For Starbucks, going global comes with Headaches
Threats, protests, boycotts - noy everyone likes American corporate icons like Starbucks
By HELEN JUNG ASSOCIATED PRESS May/2003
SEATTLE -Having installed its chic coffee stores across much of North America, Starbucks Corp. is aggressively expanding overseas - and like other global retailing icons is finding that international fame can carry a price.
Starbucks has been boycotted by anti-war protesters in Lebanon and criticized by New Zealand advocates seeking higher coffee prices to farmers. Faced with the possibility of terrorist attacks, the company has pulled out of Israel.
Such dissent overseas recalls some of the problems faced by McDonald's Corp., which has been targeted by everyone from anti-war demonstrators to vegetarians.
What some see as growth, others see as corporate colonialism. What some see as international expansion of Starbucks, others see as the outright hijacking of foreign cultures.
"It's very American ...and is seen as this very aggressive attempt to grow that business," said Greg Carpenter, a professor of marketing strategy at Northwestern University's Kellogg Graduate School of Management.
Nonetheless, Starbucks is ambitious and looking to international markets for growth.
The company has more than 6,400 stores worldwide -1,400 in 30 countries outside North America. Although Starbucks does not break out its sales from its international operations, revenues for "all other business units" - which includes overseas sales -were $482.7 million for fiscal 2002, up 31 per cent from $369.1 million the previous year.
Starbuck's popularity has persisted even in an economic downturn and during the war, an undeniably impressive feat as other retailers are struggling, said Greg Schroeder, a research analyst with Fulcrum Global Partners LLC.
"It's a phenomenal growth story -regionally, nationally and now the final stage is to become a global consumer brand," he said.
Starbucks' international strategy -in which it forms joint ventures or licenses other companies to own and operate Starbucks stores - differs from its domestic approach, where the stores are largely company-owned.

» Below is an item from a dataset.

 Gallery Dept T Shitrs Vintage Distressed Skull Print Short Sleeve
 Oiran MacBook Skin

The idea is that an experienced local partner can help identify locations, sift through tax issues and give Starbucks stores more community appeal, said Peter Maslen, president of Starbucks International.
But operating in volatile political or economic situations could introduce a lot of risk for the company, experts said.

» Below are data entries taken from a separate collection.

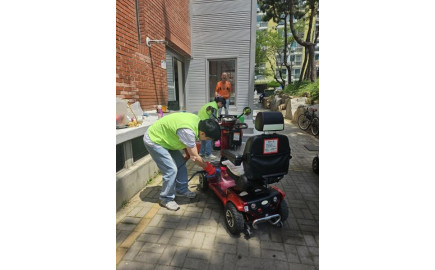 2026. 6. 26. 보조기기 스팀세척 진행 !
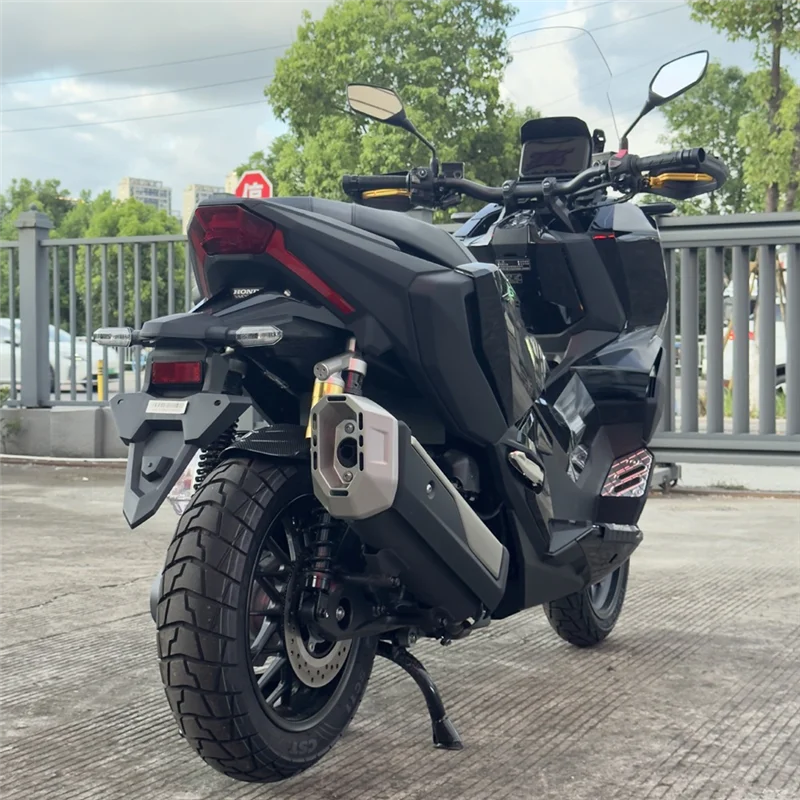 A30P-Housing Tail Cap Cover Exhaust Pipe Protection For Honda ADV350 Motorcycle Accessories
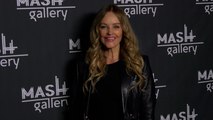 Verina Marcel attends the Mash Gallery’s À GOGO II launch red carpet event in Los Angeles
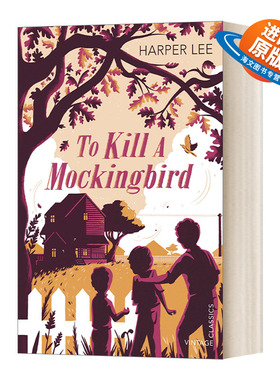 英文原版 To Kill a Mockingbird 杀死一只知更鸟 儿童经典 英文版 进口英语原版书籍
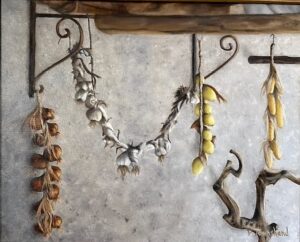 Pamela Townshend Amalfi Terrace Oil 16x20 Not For Sale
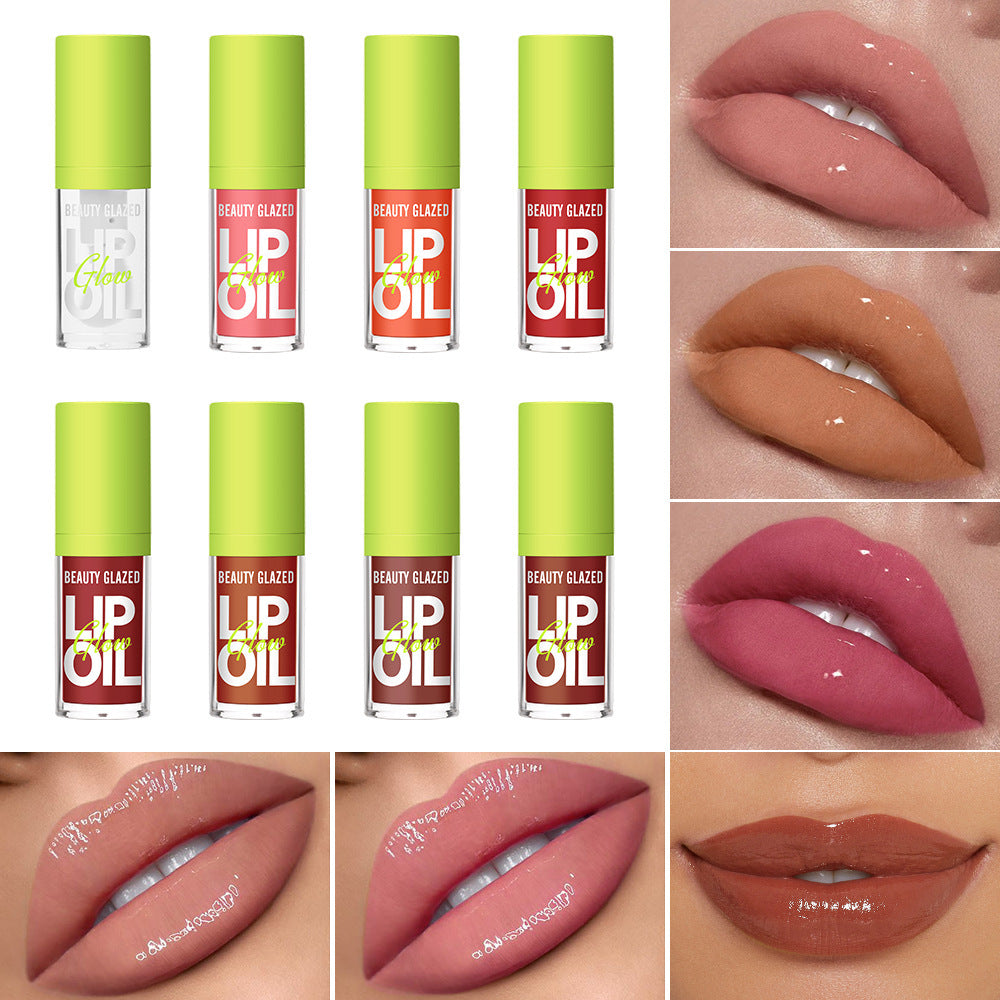 Glossy Lip Lacquer: Hydrating and Nourishing Clear Oil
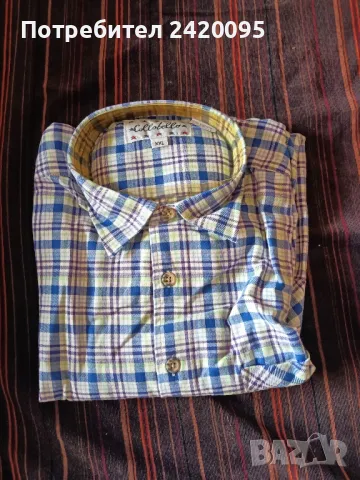 мъжка риза с дълъг ръкав-2О лв, снимка 6 - Ризи - 48604622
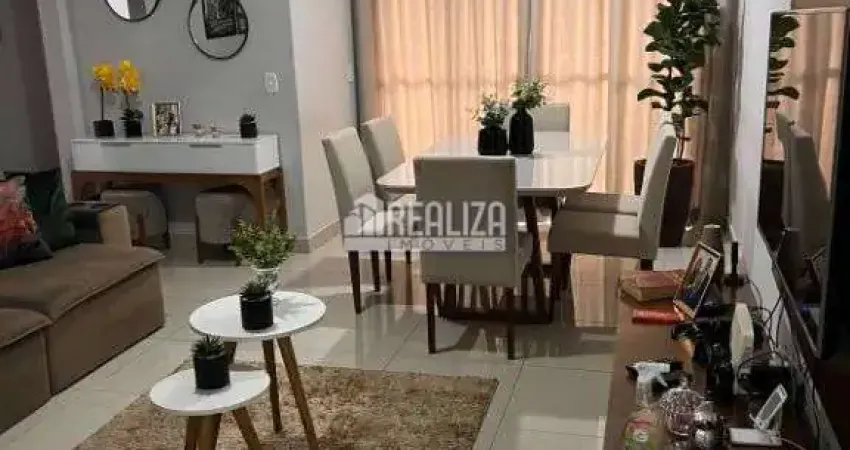 Apartamento a venda no residencial santa beatriz, uberaba: 3 dormitorios, suite, garagem e varanda!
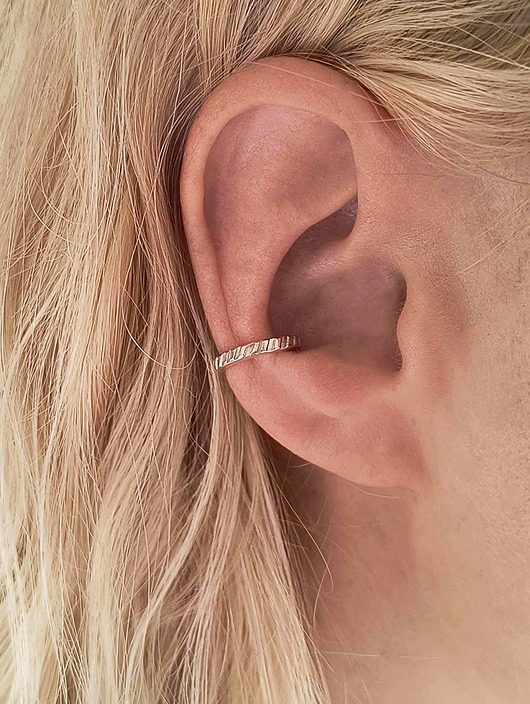 biżuteria męska Nausznica LUCKY S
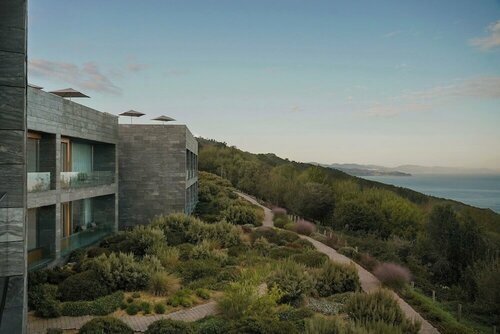 Внешний вид отеля Akelarre - Relais & Châteaux в Доностия-Сан-Себастьяне, фото 4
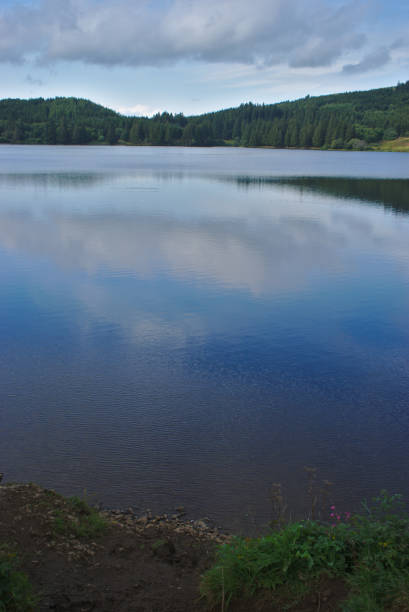 istock reflection of clouds on the servierious lake 953173230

"It is typically the market leader that attracts the attention of these activists," said Prashant Malaviya, associate professor of marketing at INSEAD business school in Fontainebleau, France. "Both because of people's political views ...but also in countries where there is not so much a political backlash but where they may have messed up."

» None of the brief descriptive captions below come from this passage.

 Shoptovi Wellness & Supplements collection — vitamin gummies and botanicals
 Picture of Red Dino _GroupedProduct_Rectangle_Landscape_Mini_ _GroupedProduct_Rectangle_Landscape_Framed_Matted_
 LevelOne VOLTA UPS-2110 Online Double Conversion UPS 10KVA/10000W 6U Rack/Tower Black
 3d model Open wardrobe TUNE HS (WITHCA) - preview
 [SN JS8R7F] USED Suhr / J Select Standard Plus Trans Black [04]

Starbucks need only look at such iconic American companies as McDonald's to see the potential fallout. McDonald's has been targeted by anti-war protesters from Ecuador to South Korea. In 1999, a sheep farmer, Jose Hove, led a group of protesters and destroyed a McDonald's under construction at the time, near his farm in Millau, France.
The coffee retailer has already had its own setbacks overseas.
Starbucks, in a joint venture with an Israeli company, closed its six stores in Tel Aviv this month amid continuing conflict between Israelis and Palestinians.
"We knew that we were a target in Israel," said Joe Canterbury, Starbucks' vice president of business development and finance. Each time there was news of a suicide bomber in Israel, the company feared the target was one of its stores. "You start doing the math, and you realize, yeah, there's a risk."
Starbucks stores in Lebanon, owned and operated by its partner, retail giant Aishaya, are being boycotted by those who oppose the U.S.- led war on Iraq -despite the fact that Aishaya is Arab- owned, noted Gaby Azzi, a food and beverage manager for Alshaya, based in Kuwait.
"The bottom line is: 'The owner is such-and-such company,"' Azzi said, referring to the Starbucks name.
And activists from San Francisco to New Zealand are urging the company to buy more coffee beans certified by the non-profit organization TransFair USA as "fair trade," meaning they are grown and marketed under certain economic and social conditions.
But Starbucks chairman Howard Schultz maintains that based on the company's strong international growth, customers are voting with their wallets and buying Starbucks.
"We're not taking our success for granted," Schultz said. "We also understand that the burden of proof at times is on us given the fact that a lot is being written and there's more sensitivity than ever before about America and American companies.
"These are the very early days for the growth and development of the company internationally," Schultz added. "Clearly there's a big world out there for Starbucks to expand in."